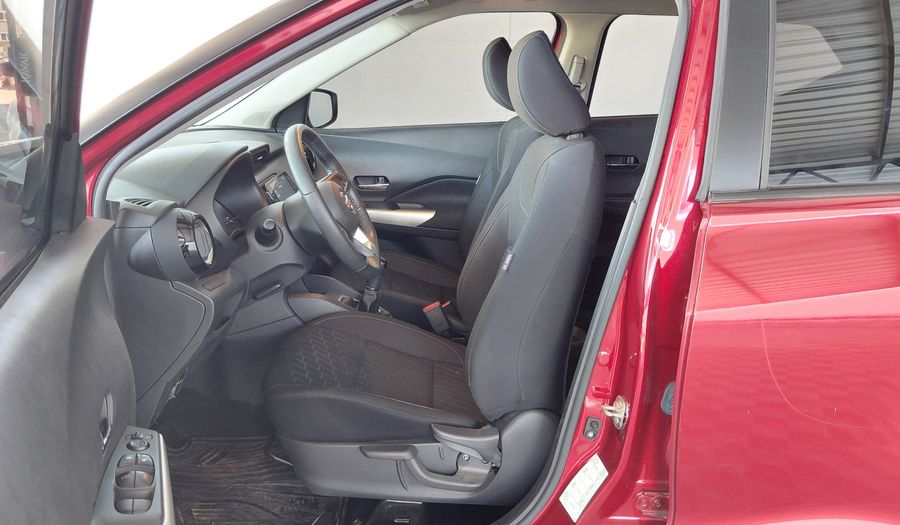 Nissan Kicks 1.6 ADVANCE Suv 2022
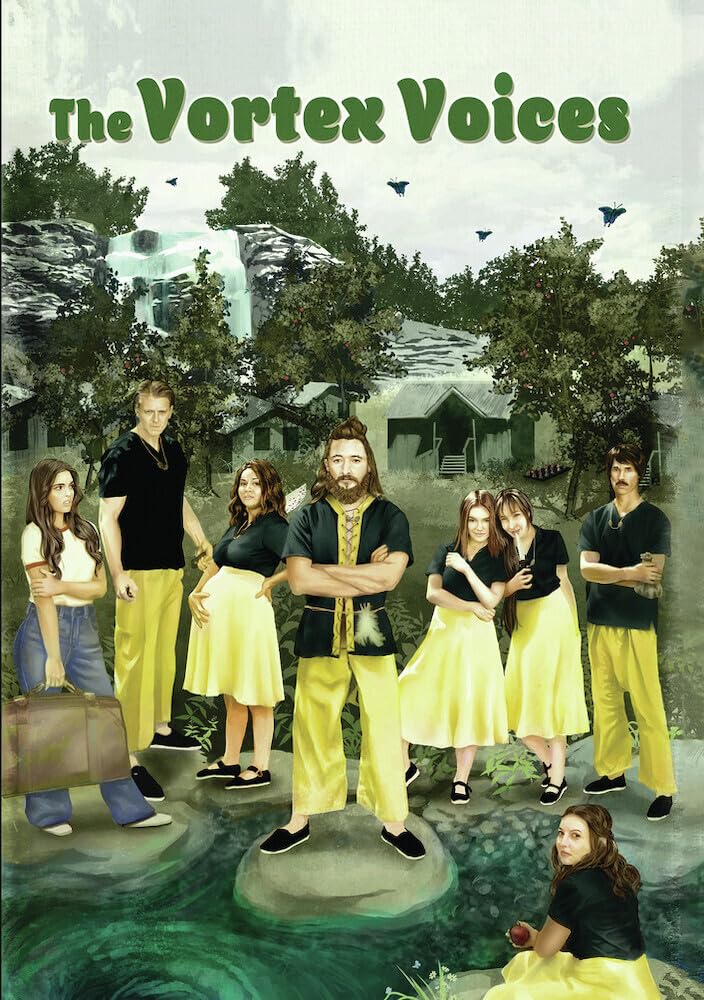 The Vortex Voices (DVD)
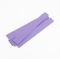 5er Pack Gurtband-Zuschnitt 25cm lang, 30mm breit, flieder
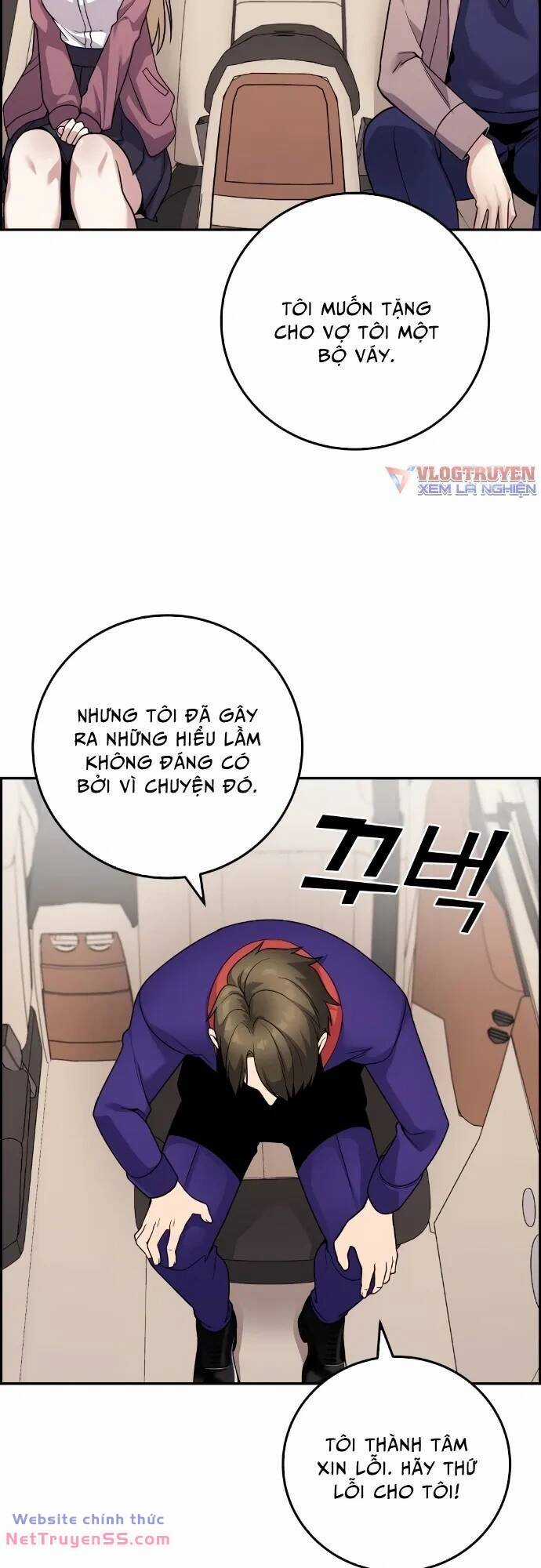 Nhân Vật Webtoon Na Kang Lim Chapter 33 trang 42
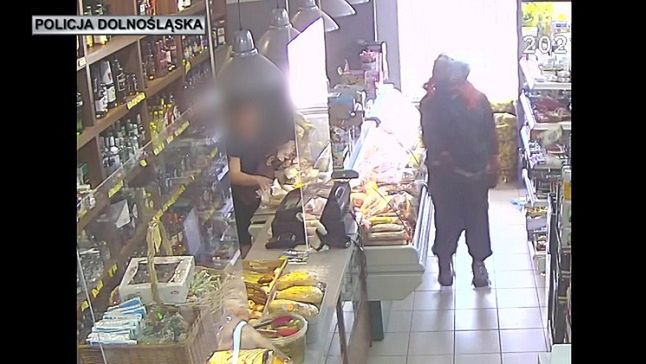 napad olszyna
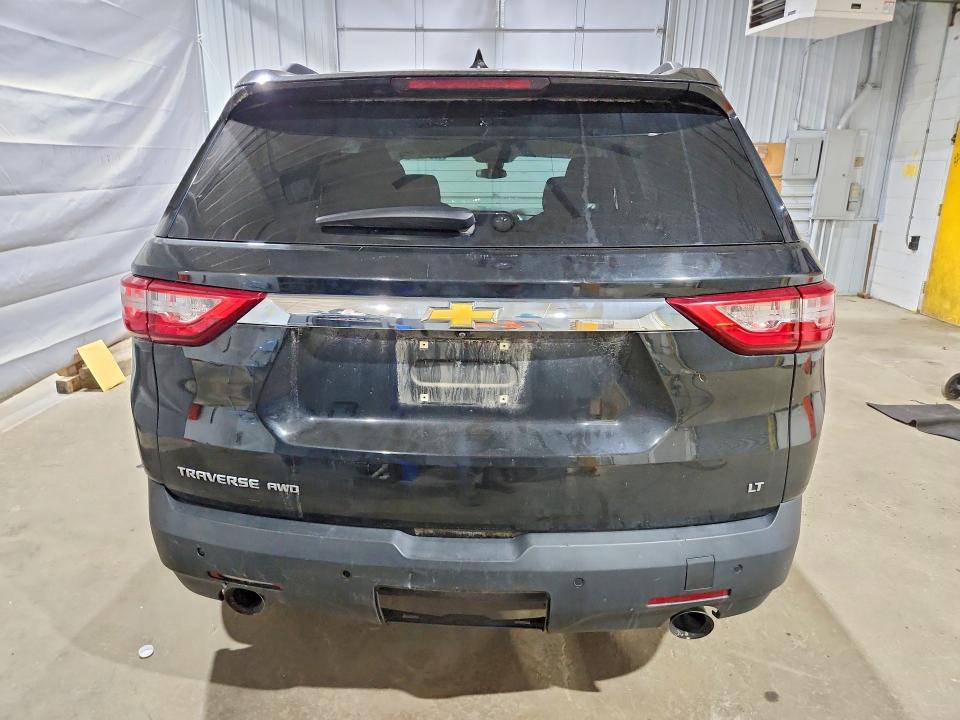 Продажа на аукционе авто 2020 Chevrolet Traverse, vin: 1GNEVGKW4LJ253460, номер лота: 59243576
_ _ _
▸ The task
Please reproduce the entries from above exactly; images are not part of the copy.

▸ Task output
 Nissan Kicks 1.6 ADVANCE Suv 2022
 The Vortex Voices (DVD)
 5er Pack Gurtband-Zuschnitt 25cm lang, 30mm breit, flieder
 Nhân Vật Webtoon Na Kang Lim Chapter 33 trang 42
 napad olszyna
 Продажа на аукционе авто 2020 Chevrolet Traverse, vin: 1GNEVGKW4LJ253460, номер лота: 59243576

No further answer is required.